The tallest mountain in Africa is Mount Kilimanjaro, located in Tanzania. It has three volcanic cones namely Kibo, Mawenzi, and Shira. It stands at 5,895 meters (19,341 feet) above sea level and around 4,900 meters (16,100 feet) above its plateau base, making it Africa’s highest peak and the world’s highest single free-standing mountain. It is a popular climbing site and is part of the Kilimanjaro National Park.
It is the fourth topographic prominent mountains on earth. Here is a list of the seven topographic prominent mountain on earth, from the highest to lowest:
- Asia: Everest (29,035’/8850m)
- South America: Aconcagua (22,834’/6960m)
- North America: Denali (20,310’/6,190m)
- Africa: Kilimanjaro (19,340’/5895m)
- Europe: Elbrus (18,513’/5642m)
- Oceania: Carstensz Pyramid (16,023’/4884m)
Kilimanjaro is very popular with both experienced hikers and first time adventurers because it is considered to be the easiest of the seven summits.
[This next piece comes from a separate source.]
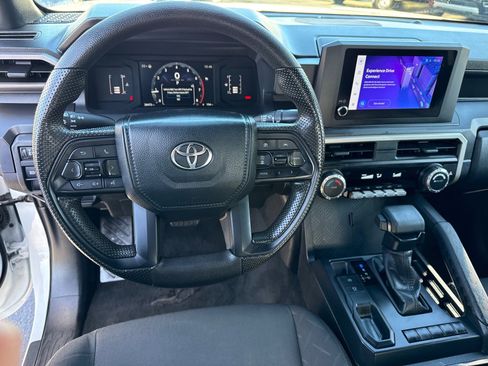 Used 2024 Toyota Tacoma SR image 16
Scaling the mountain requires no technical skills or equipment, such as rope, harness, crampons or ice axe. Kilimanjaro is the world’s tallest free-standing mountain, as well as Africa’s tallest peak. Uhuru Point, at 5,895 meters (19,341 ft) above sea level, is the highest point on the mountain.
In 1889, a German geologist Hans Meyer, an Austrian climber Ludwig Purtscheller, and a native guide Yohani Kinyala Lauwo made the first ascent of Mount Kilimanjaro.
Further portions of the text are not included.